As a Mayo man, I fear danger every time I go to Croke Park.
More often than not, especially on big days, there have been plenty of grounds for my concerns as another team in green and red head back across the Shannon with no silverware to show for their efforts. Rarely, however, have I actually felt in fear of my life approaching GAA headquarters, or at least I didn’t until I made my way to do the Etihad Skyline tour in the hallowed stadium earlier this afternoon.
The idea of talking a stroll around the roof of the stadium, some 17 storeys and 44 metres above ground level was far too scary for some of my vertigo-suffering colleagues to even bear thinking about (not mentioning any names like Shane Breslin or Sean Nolan... oops), so I stepped up to the plate, with jokes about a Mayo man finally enjoying a high in Croke Park ringing loudly in my ears.
Thankfully my fears for my livelihood proved groundless, which is an appropriate word under the circumstances, particularly for the small stretch of the walkway suspended over the pitch at the Davin End.

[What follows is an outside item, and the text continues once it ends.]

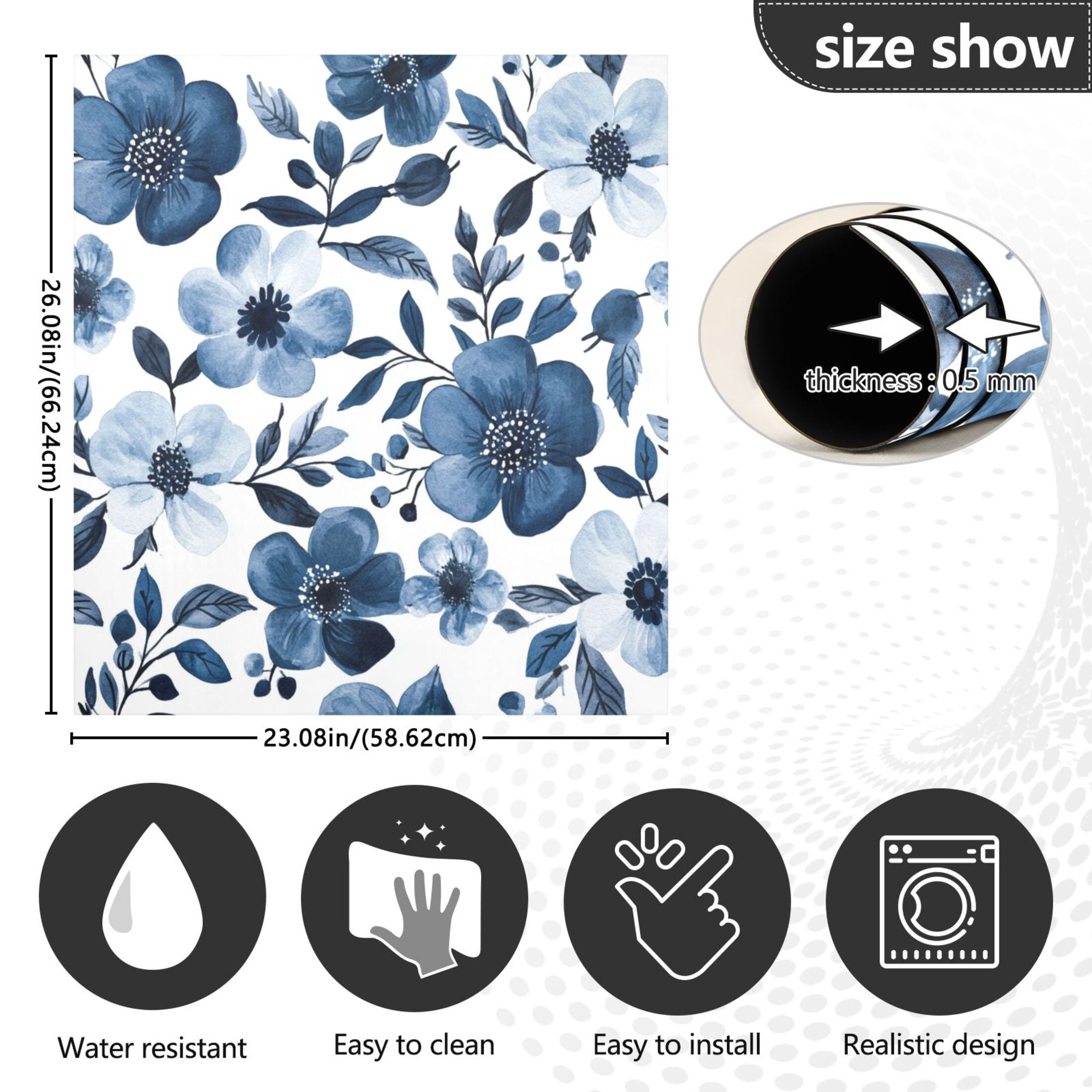 Dishwasher Magnetic Sticker 23x26 Inch Refrigerator Magnetic Sticker Washing Machine Magnetic Sticker Kitchen Panel Magnetic Sticker Home Decor Beautiful Navy Flowers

We are often quick to criticise the GAA in this country, so we should also be quick to give them credit where it’s due and they deserve an awful lot of kudos for this attraction, which opened to the public only a few weeks ago. The views of the stadium itself from above are spectacular, but as well as that there is probably no better vantage point from which view the city of Dublin itself, especially on one of the rare fine days which we were fortunate to experience today.
On a clear day, you can see for miles around and the walking tour stops at five different platforms to give patrons the chance to see the various city landmarks such as the Guinness Brewery, the Spire, parts of Glasnevin Cemetery, the Aviva Stadium and even the Dublin Mountains way off in the distance.

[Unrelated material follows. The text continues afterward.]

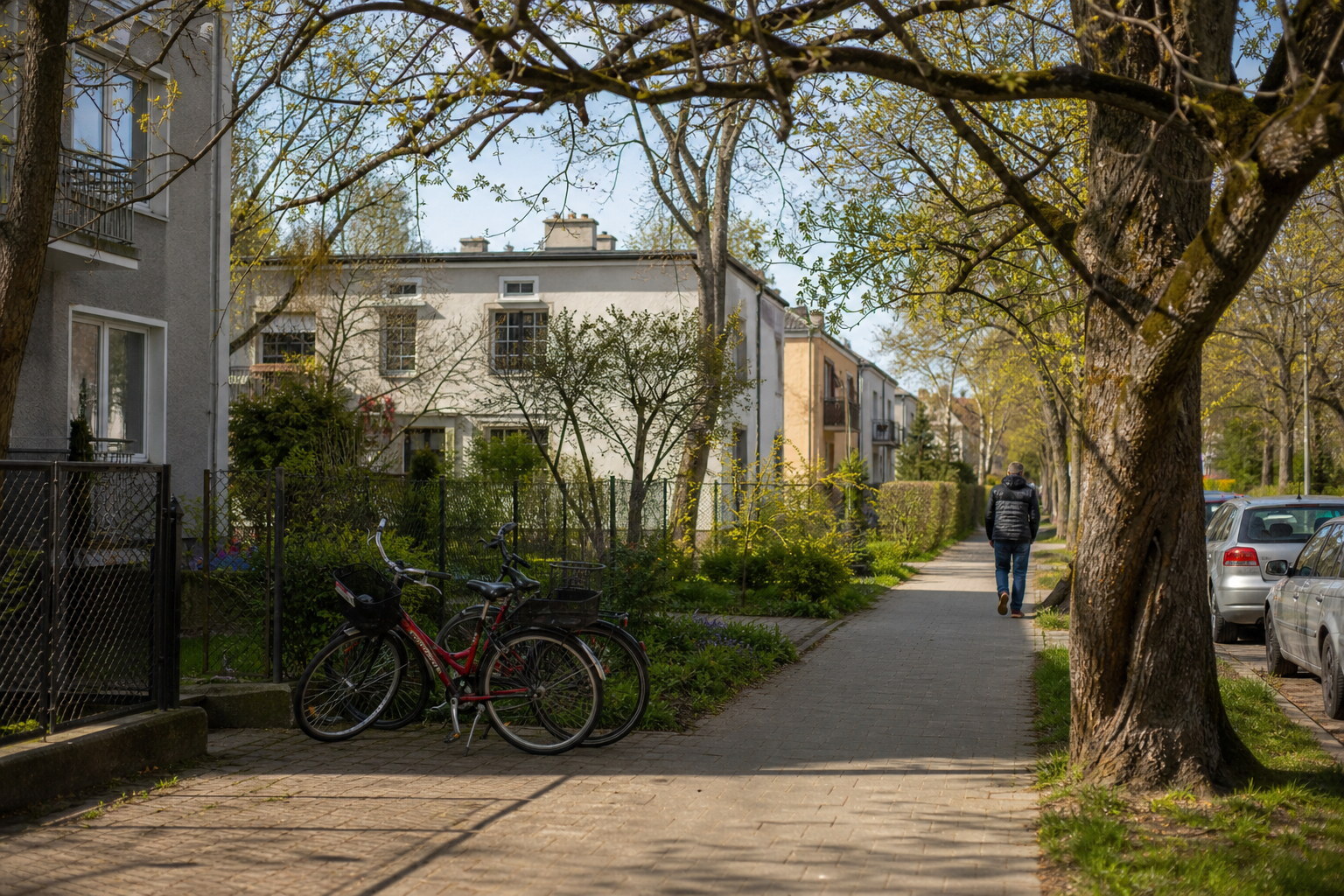 Green residential area close to metro and tram routes in Warsaw Żoliborz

People who don’t have a particularly good head for heights will obviously worry about being so far out of their comfort zone, but having done both, I can assure you that sitting in the upper tiers of the Cusack or the Hogan is a far scarier experience than walking around the stadium with the roof just below you.
The only real time your legs might get a little jelly-like is on the aforementioned walkway at the Davin End and besides, you don’t have to do it if you don’t want to and there’s an optional harness to strap you in if looking down directly at the pitch below makes you weak at the knees.

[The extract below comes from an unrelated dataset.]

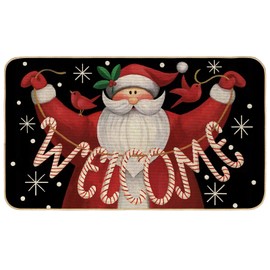 AnyDesign Christmas Doormat Decorative Santa Claus Welcome Mat Xmas Holiday Red Black Non-Slip Entrance Door Rug for Indoor Outdoor Bathroom, 17 x 29 Inch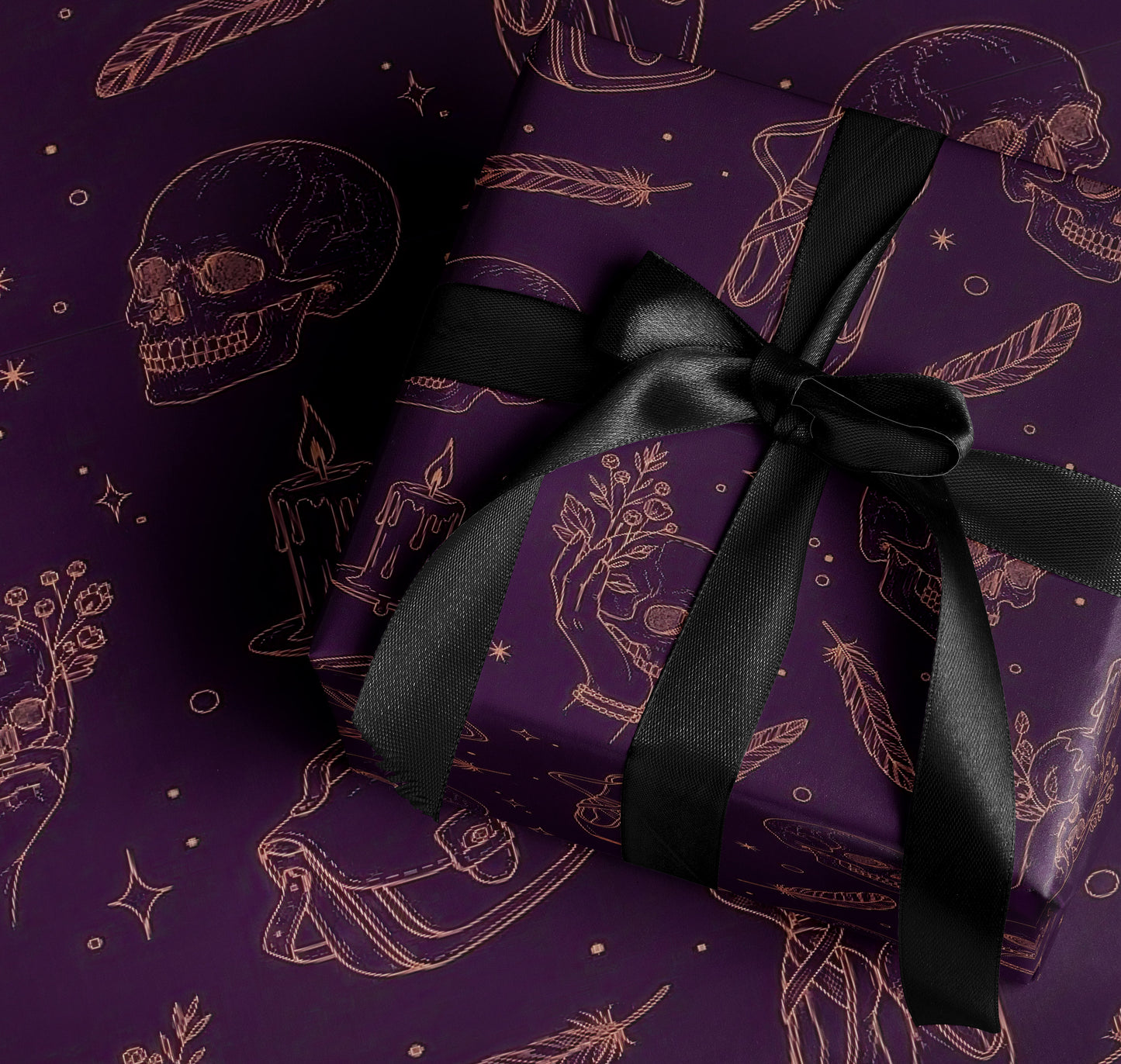 Spooky Skull and Candle Design Decorative Wrapping Product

Thrill seekers will be excited to know that there are plans to eventually introduce a zip-line that will take you from the Davin End all the way down to Hill 16 faster than a good Brendan Cummins puck out, but that’s a while away yet.
As it is, it’s still an excellent attraction and well worth a visit. Don’t take it from just me, however. A photographer in my exclusive media party of seven (they can take groups of up to 30) told our lovely tour guide Niamh Egan that he’d give the tour ten out of ten, a remark that was met with approving nods all around.
Like me, he couldn’t recommend it ‘highly’ enough (Awful pun honestly not intended... OK maybe a little intended).